Cooper surrounds themselves* in the practices of Nitiren Buddhism and a strong community from the Soka Gakkai International in San Francisco. Cooper believes that chanting “Nam-myoho-renge-kyo” in confidence will dispel self-doubt and unleash good karma to face challenges courageously.

“I’m chanting for a nice home, my dream home for my dog and me,” Cooper said.

Stability is something Cooper longs for, a location to call home and a body that they* feel comfortable and confident in.

Ever since Cooper surrendered their* apartment in Spring Ville, California, they have been housesitting for several different friends in the Buddhist community in San Francisco.

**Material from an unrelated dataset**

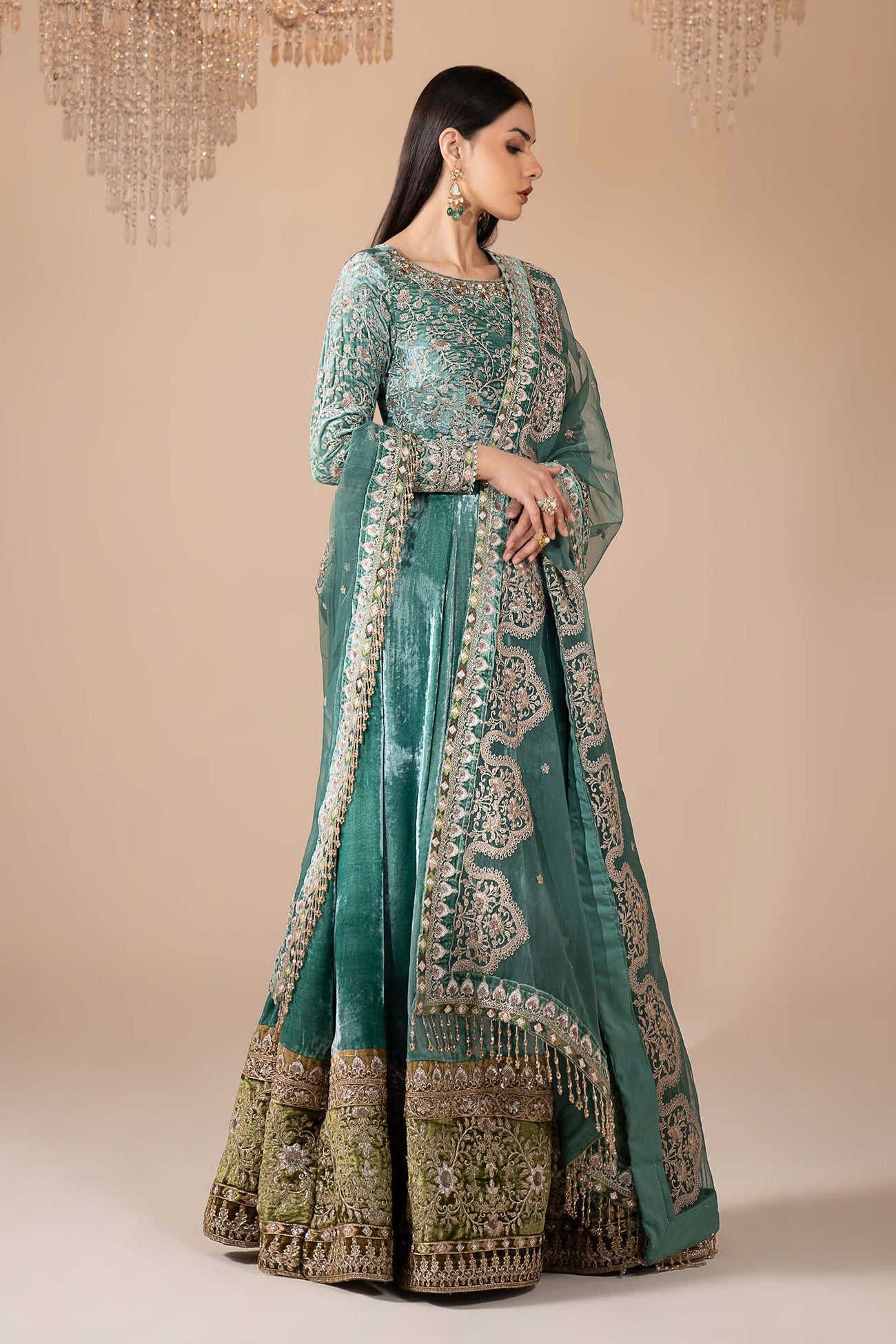3 Piece Embroidered Velvet Suit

Some days Cooper thinks about waiting in line at the Salvation Army shelter, but their* pride stops them.

At age 18, Cooper joined the military as an aircraft electrician, during which they* faced trauma during their* years of service. As a way to cope with the trauma, Cooper learned the art of tango from Ivan Shvarts, a talented tango dancer.

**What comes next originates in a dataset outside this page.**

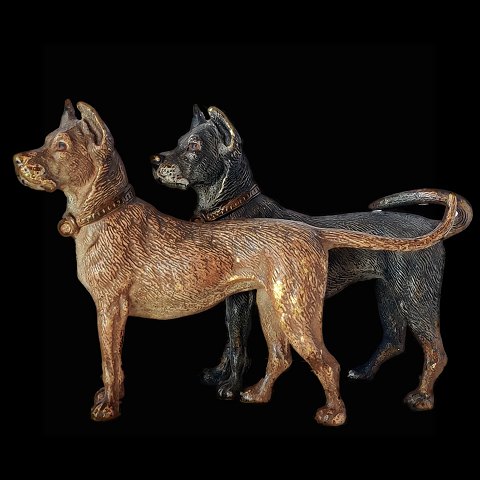 Wiener bronze figur; to hunde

“Tango gives me the opportunity to rebuild trust and intimacy in my life,” Cooper said. “To be a proficient tango dancer you must be intimate with your partner.”

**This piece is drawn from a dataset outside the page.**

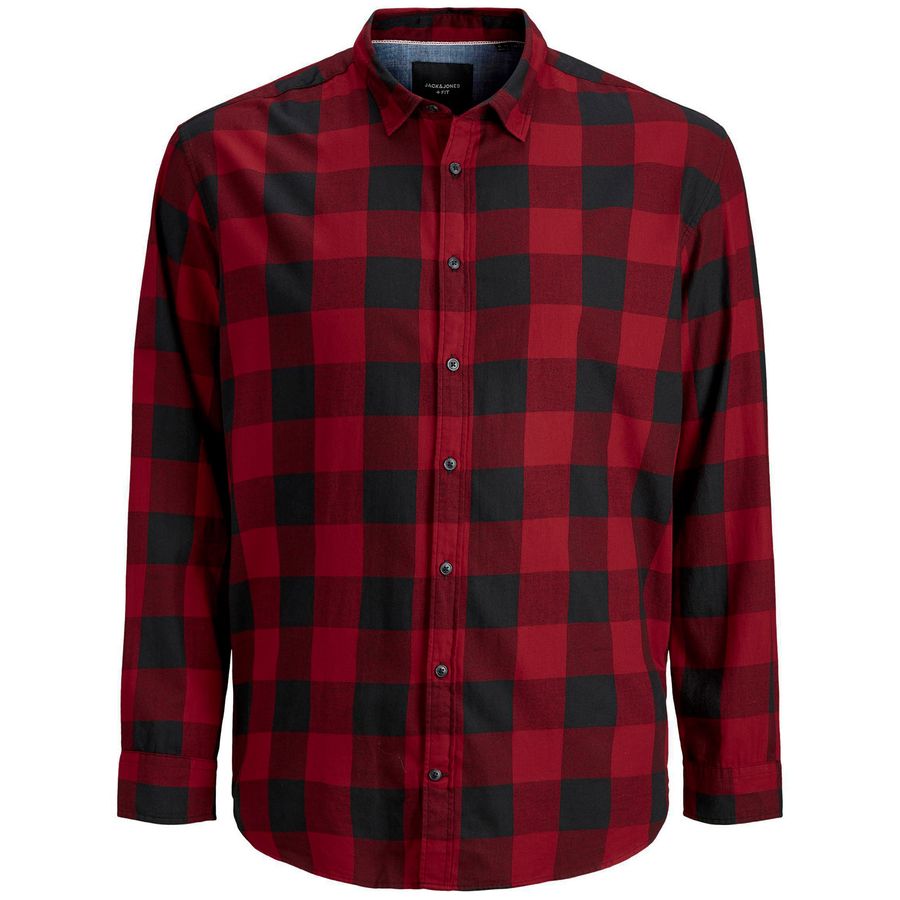 Jack&Jones XXL Langarmhemd Karo rot-schwarz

On Sundays Cooper co-teaches Shvarts’ Golden Age Tango Academy class at Mama Art Café in the Excelsior District.

Cooper hopes to purchase a home in Spring Ville after completing the first draft of their* new film script, entitled “Worthy of Survival”. Cooper is known for their* most recent film, “Hero Mars.”

Cooper's prayers were answered. The first week of June Cooper moved into their* own apartment in Spring Ville.